=== Data for analysis ===

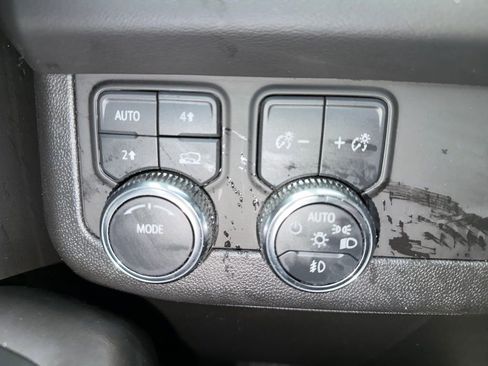 Used 2024 GMC Yukon SLT AWD/4WD image 49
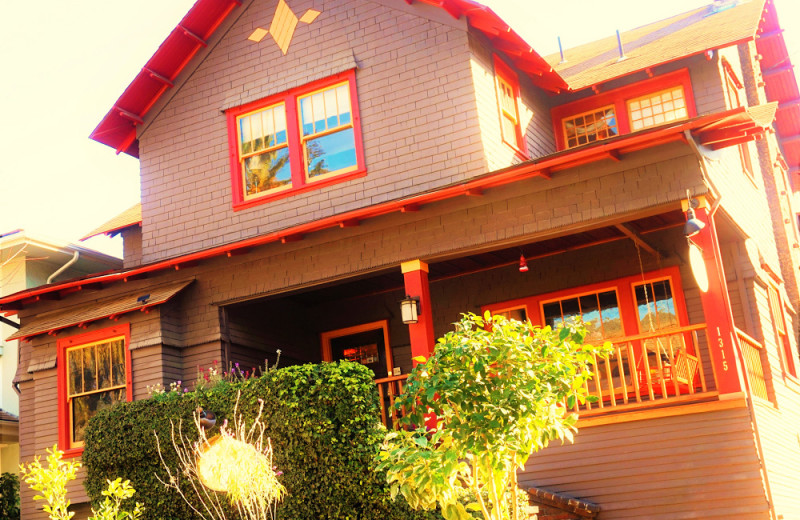 Exterior view of Amber House Inn of Midtown.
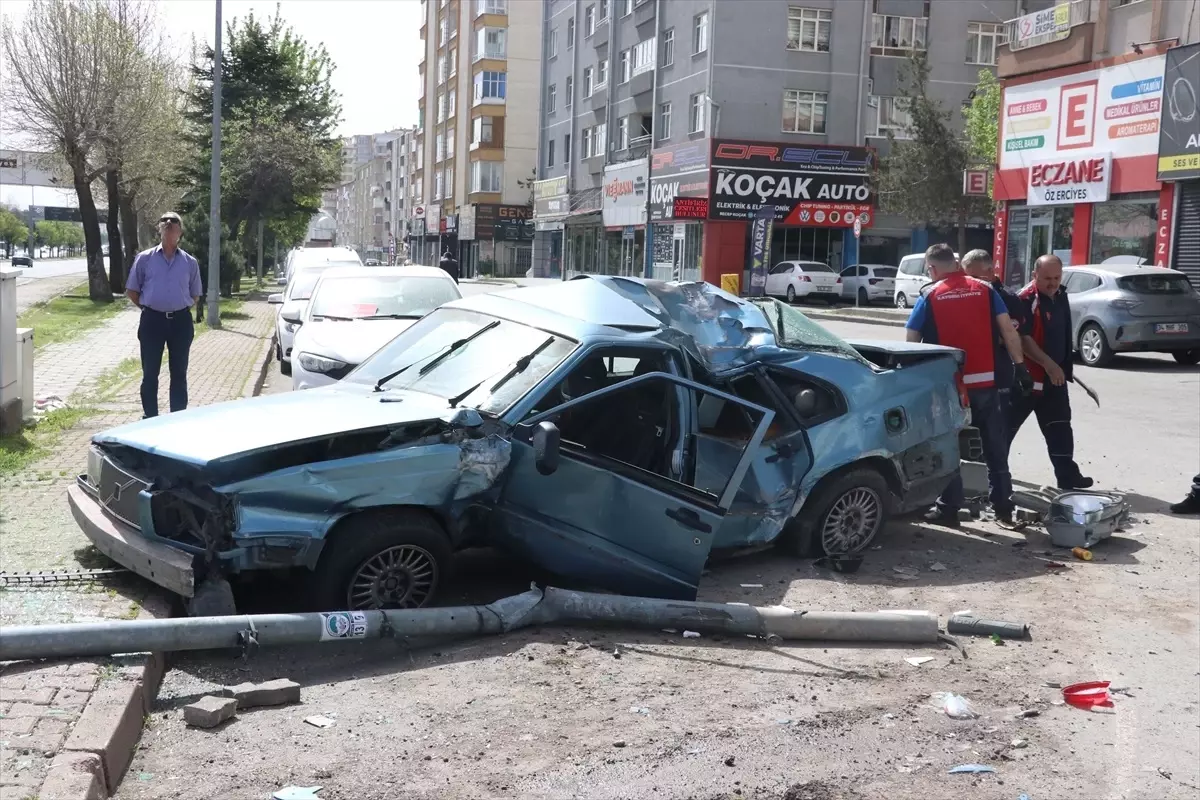 Kayseri'de Otomobil ve Kamyonet Çarpıştı: 1 Yaralı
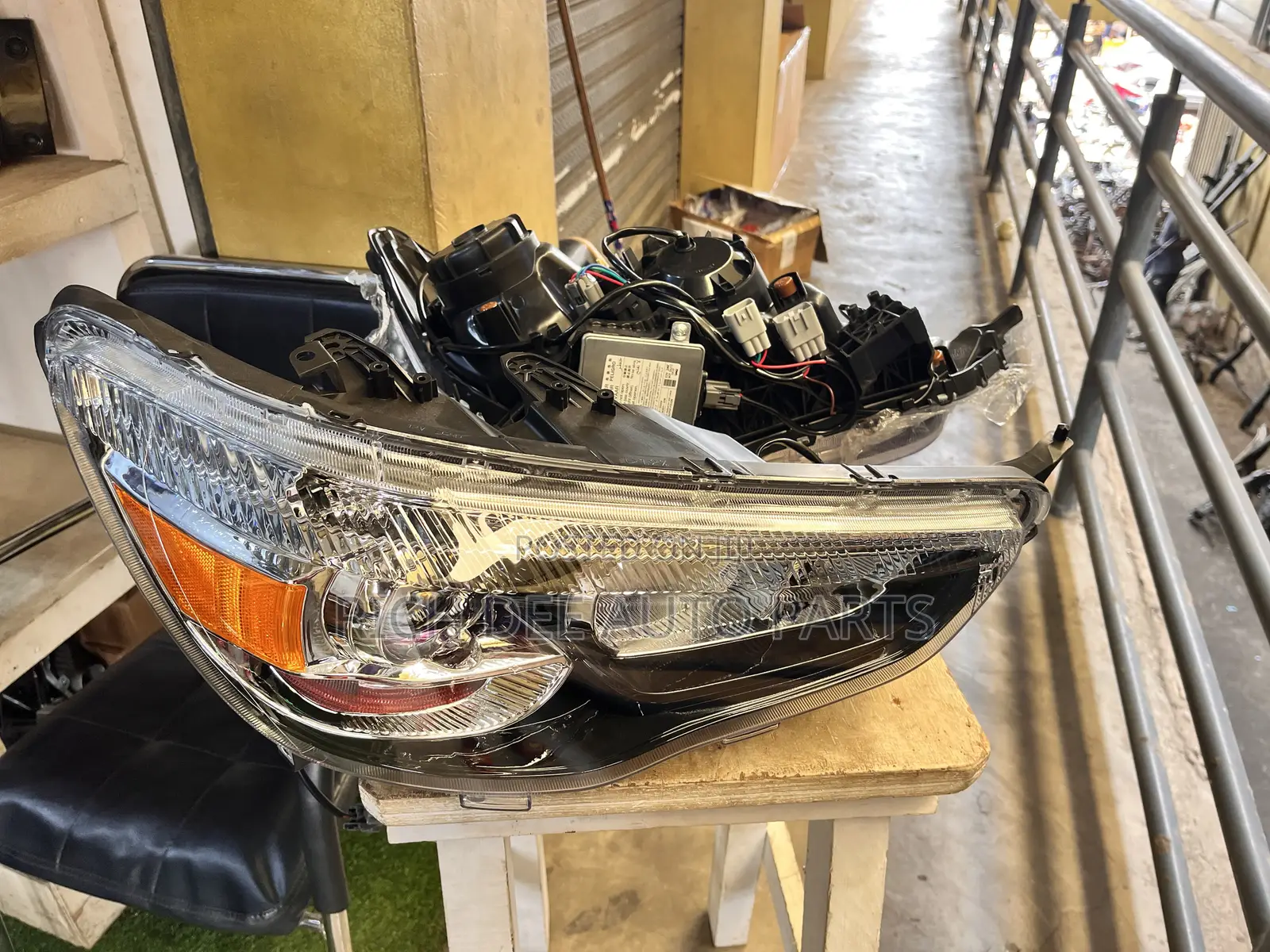 ASX 2013-2019 Headlight With Charger Outlander Sports 2016, 2017, 2018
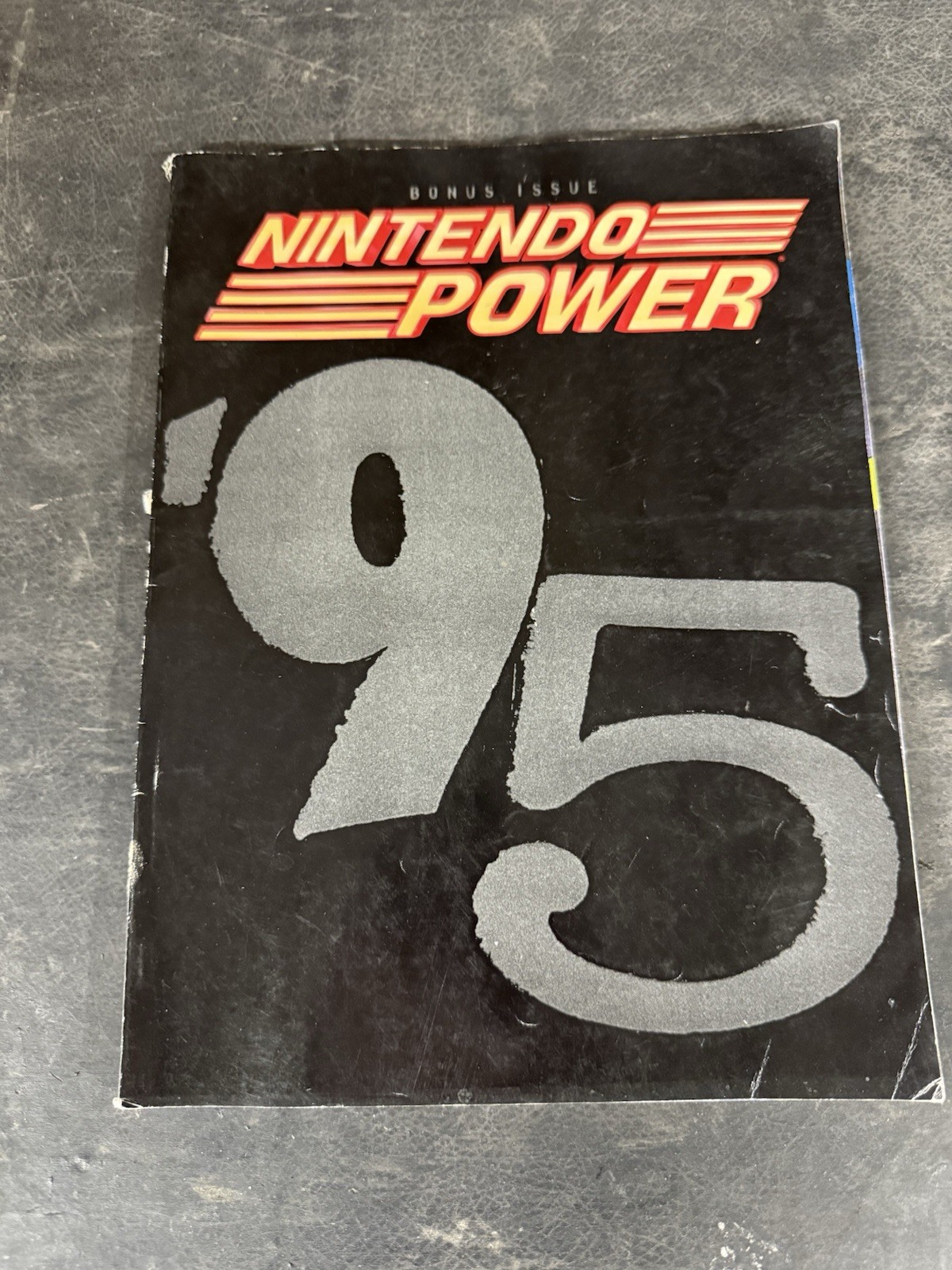 Nintendo Power Volume 68 Bonus Issue (95) Magazine w / poster FC2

===

◆ **Task to carry out**: Please retype exactly the lines from the one containing "Exterior view of Amber House Inn of Midtown." to the last line of the records above, both included, without any pictures.

◆ **Answer space**:
 Exterior view of Amber House Inn of Midtown.
 Kayseri'de Otomobil ve Kamyonet Çarpıştı: 1 Yaralı
 ASX 2013-2019 Headlight With Charger Outlander Sports 2016, 2017, 2018
 Nintendo Power Volume 68 Bonus Issue (95) Magazine w / poster FC2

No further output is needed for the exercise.